Bos tim berusia 63 tahun itu menambahkan, “Trek dan peralatan sekarang jauh lebih aman dan pembalap tidak lagi menyadari bahwa mereka mempertaruhkan nyawa mereka. Di zaman kami, bahaya selalu terlihat jelas dan kami mengerti apa yang dipertaruhkan. Kami saling menghormati dan tahu bagaimana menyalip dan kapan waktu yang tepat.”
Baru-baru ini Alex Marquez mengatakan secara khusus bahwa, dalam duel pembalap harus mendapatkan posisi ini sendiri. “Itu tidak masuk akal. Logikanya, kita membutuhkan celah jika ingin menyalip lawan. Tapi kita tidak bisa ‘menerbangkan’ lawan hanya untuk mendapatkan celah itu. Cara seperti itu harus dihukum secara radikal oleh para stewards. Namun harus disebutkan bahwa mereka yang bertanggung jawab atas seri junior kini telah menyadari masalah ini,” ujar Pons.
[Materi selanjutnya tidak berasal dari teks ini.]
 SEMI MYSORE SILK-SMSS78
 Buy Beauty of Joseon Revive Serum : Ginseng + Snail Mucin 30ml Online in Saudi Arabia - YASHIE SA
“Mereka menunjukkan kepada pembalap muda bagaimana hal itu harus dilakukan. Pada saat mereka masuk ke Moto3, kebanyakan mereka belajar cara balapan dengan benar. Sebelum itu, Moto3 lebih merupakan ‘demolition derby’. Sekarang sudah jauh lebih baik. Dulu sangat berbeda. Kami semua lebih tua, lebih dewasa. Saya tidak mulai balapan sampai saya berusia 18 tahun. Saat ini, anak-anak memulai karir balap mereka pada usia 10 tahun. Orang juga bisa mempertanyakan itu. Tapi itu cerita lain,” pungkas Sito Pons.